* Records for this task *

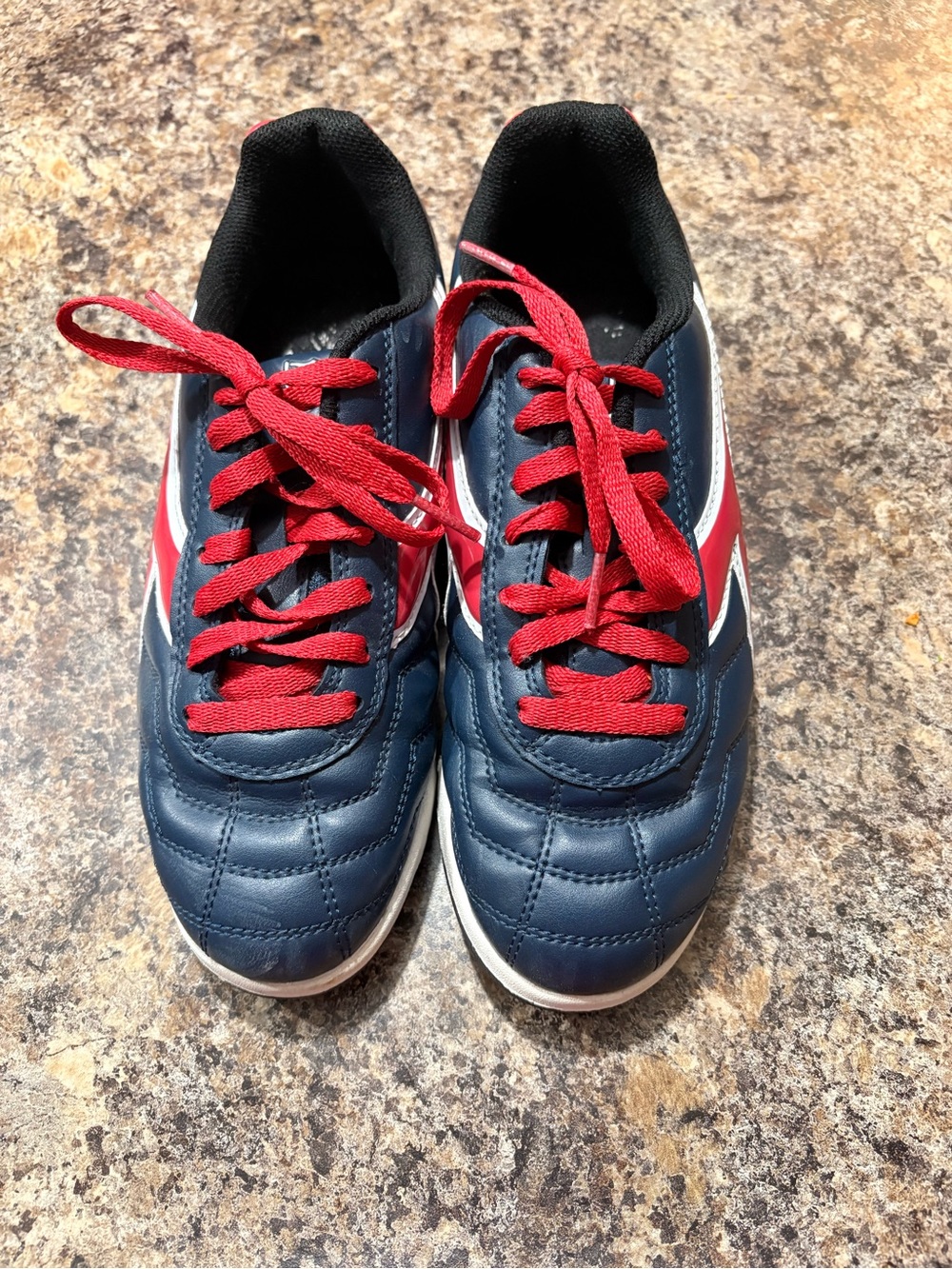 adidas Women's Navy Indoor Turf Soccer Cleats with Red Laces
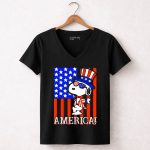 Peanuts Snoopy America Patriotic The Peanuts Movie 7 Womens V Neck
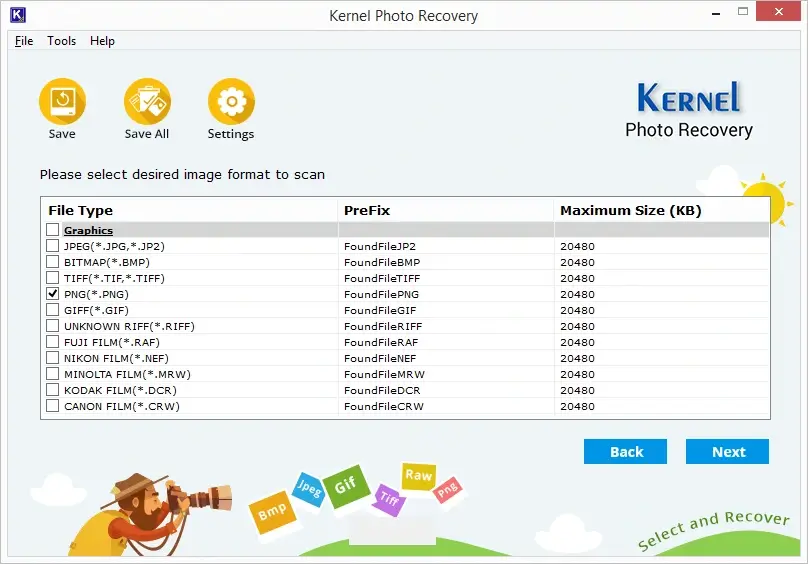 Selecting the file formats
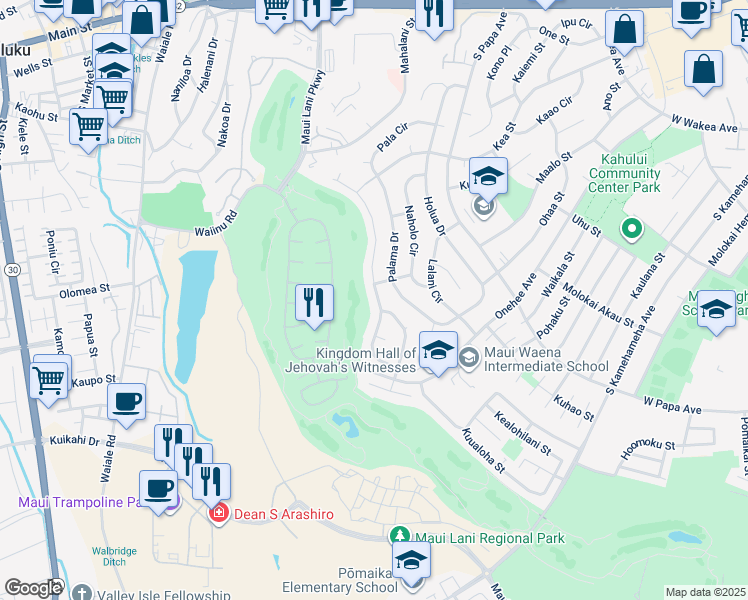 map of restaurants, bars, coffee shops, grocery stores, and more near 164 Puumakani Street in Kahului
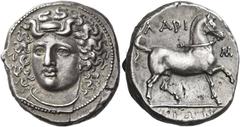 Ancient Greek Coins Larissa Didrachm circa 356-342, AR 12.29 g. Head of the nymph Larissa facing, slightly l., wearing ampyx. Rev. ΛAPI – Σ – AIΩN Bridled horse advancing r. Herrmann 35 and pl. 5, 2. 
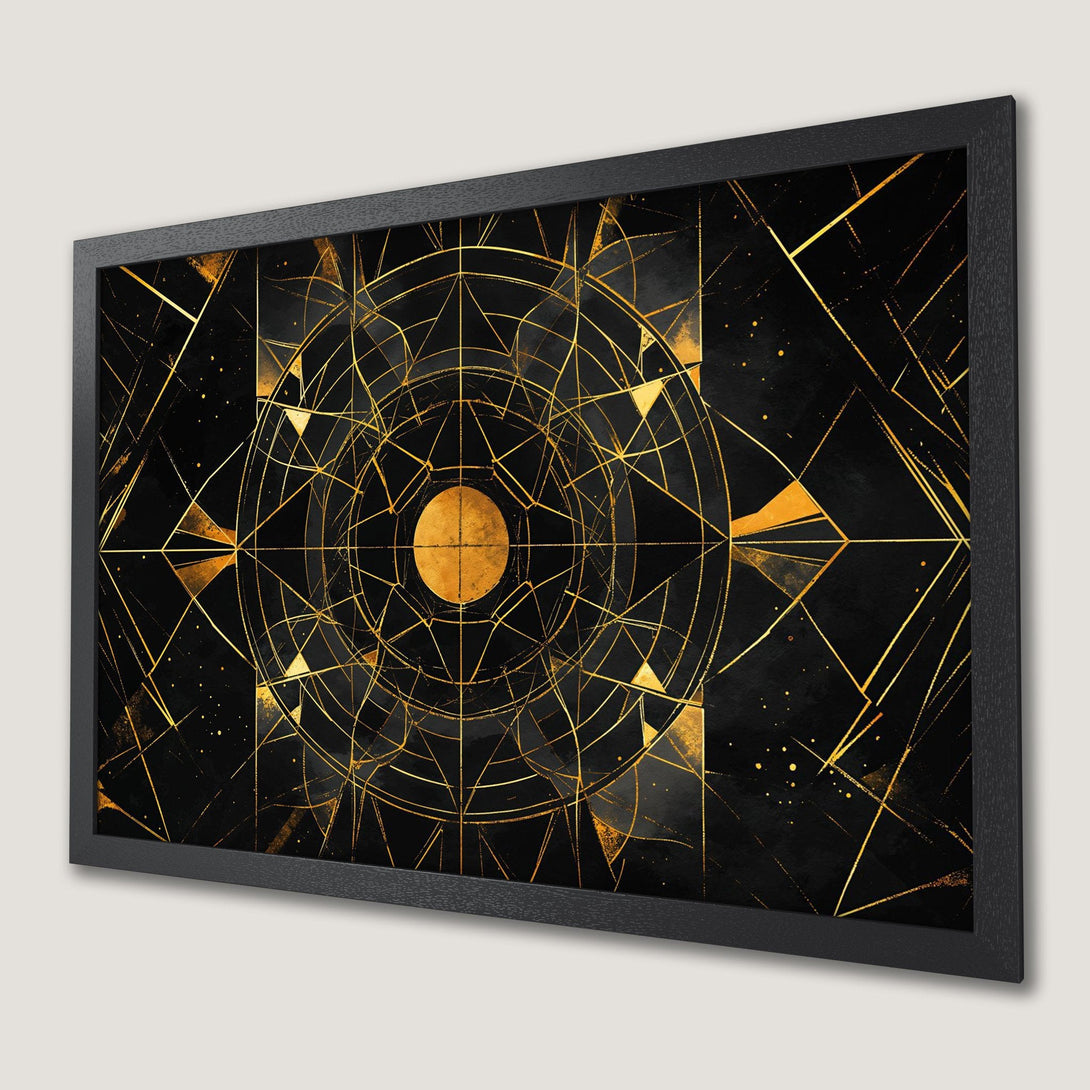 Framed Poster: Geometric art print in black and gold, modern style for home decor.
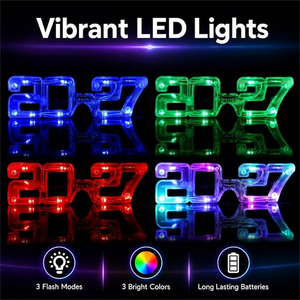 Occhiali LED Lampeggianti Party Dots 2027 - Materiale Plastico per Uso Interno, Accessori per Cabine Fotografiche per Lauree e <span class=keywords><strong>Capodanno</strong></span> - Product Image 2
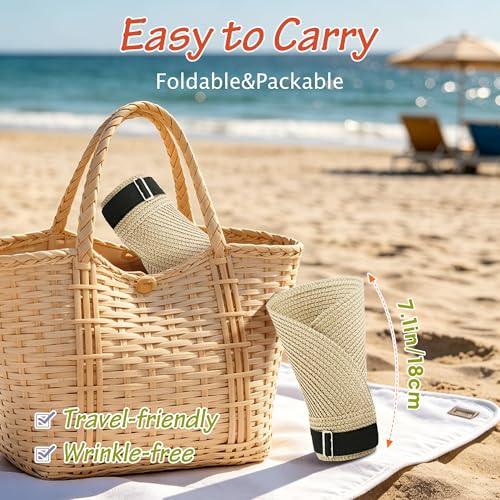 3 Pack Women Straw Sun Visor Hats, Wide Brim UV UPF 50+ Protection Beach Visor, Packable Adjustable Summer Hats for Traveling - color: Beige+beige+beige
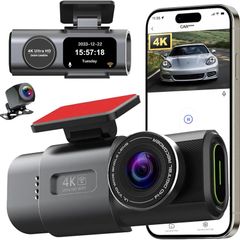 4K Wifi  Dual Dash Cam Front and Rear  WIFI, Night Vision, Parking Monitor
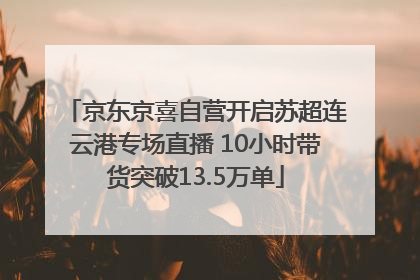 京东京喜自营开启苏超连云港专场直播 10小时带货突破13.5万单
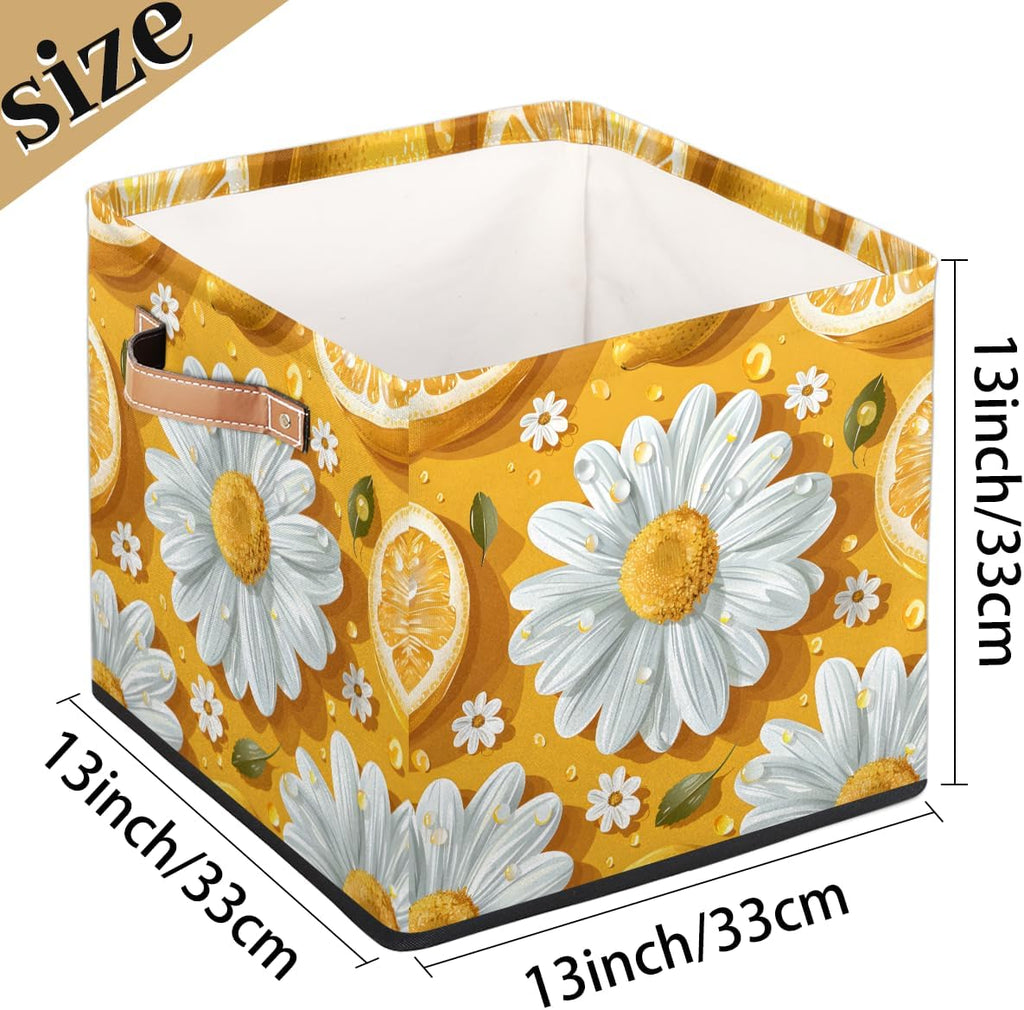 TropicalLife 13x13x13 Inch Large Fabric Storage Cube Lemon Daisy Foldable Storage Bin with Handles Organizer Boxes Cube Basket for Shelves Organizing Closet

* What you will do *
Return, exactly as they stand, all of the lines above, but not the pictures.

* Solution for this problem *
 adidas Women's Navy Indoor Turf Soccer Cleats with Red Laces
 Peanuts Snoopy America Patriotic The Peanuts Movie 7 Womens V Neck
 Selecting the file formats
 map of restaurants, bars, coffee shops, grocery stores, and more near 164 Puumakani Street in Kahului
 Ancient Greek Coins Larissa Didrachm circa 356-342, AR 12.29 g. Head of the nymph Larissa facing, slightly l., wearing ampyx. Rev. ΛAPI – Σ – AIΩN Bridled horse advancing r. Herrmann 35 and pl. 5, 2. 
 Framed Poster: Geometric art print in black and gold, modern style for home decor.
 Occhiali LED Lampeggianti Party Dots 2027 - Materiale Plastico per Uso Interno, Accessori per Cabine Fotografiche per Lauree e <span class=keywords><strong>Capodanno</strong></span> - Product Image 2
 3 Pack Women Straw Sun Visor Hats, Wide Brim UV UPF 50+ Protection Beach Visor, Packable Adjustable Summer Hats for Traveling - color: Beige+beige+beige
 4K Wifi  Dual Dash Cam Front and Rear  WIFI, Night Vision, Parking Monitor
 京东京喜自营开启苏超连云港专场直播 10小时带货突破13.5万单
 TropicalLife 13x13x13 Inch Large Fabric Storage Cube Lemon Daisy Foldable Storage Bin with Handles Organizer Boxes Cube Basket for Shelves Organizing Closet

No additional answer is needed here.